■ Data section ■
----

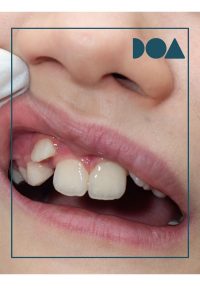 ortodoncia infantil1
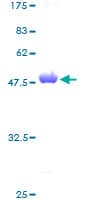 Human CRYAB / Alpha B Crystallin Protein (Recombinant GST)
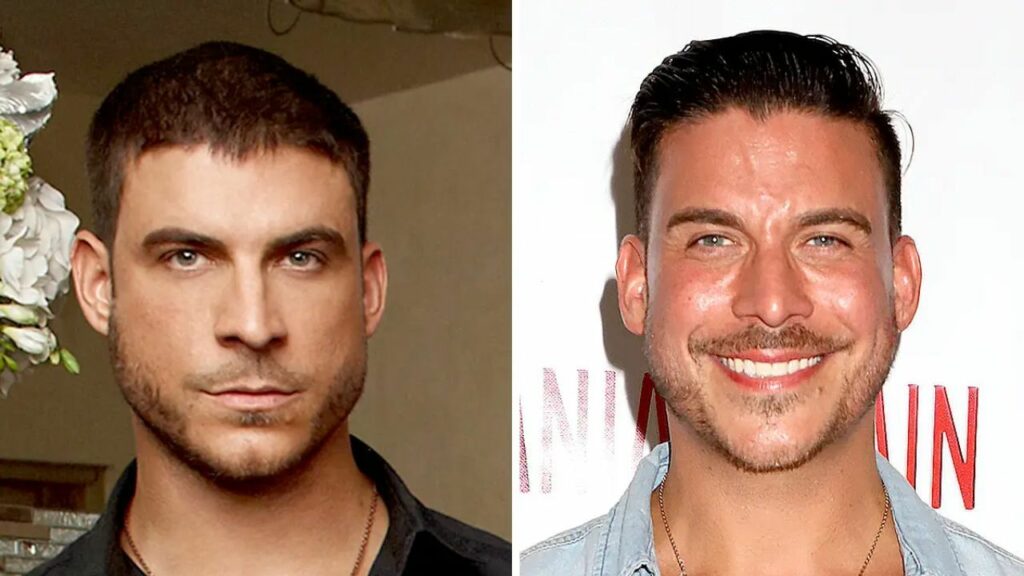 Jax taylor health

----

■ What is expected ■
Nothing but the lines from the one containing "Human CRYAB /" through the last line of the material may appear in the answer, transcribed exactly and with no pictures.

■ Exercise answer ■
 Human CRYAB / Alpha B Crystallin Protein (Recombinant GST)
 Jax taylor health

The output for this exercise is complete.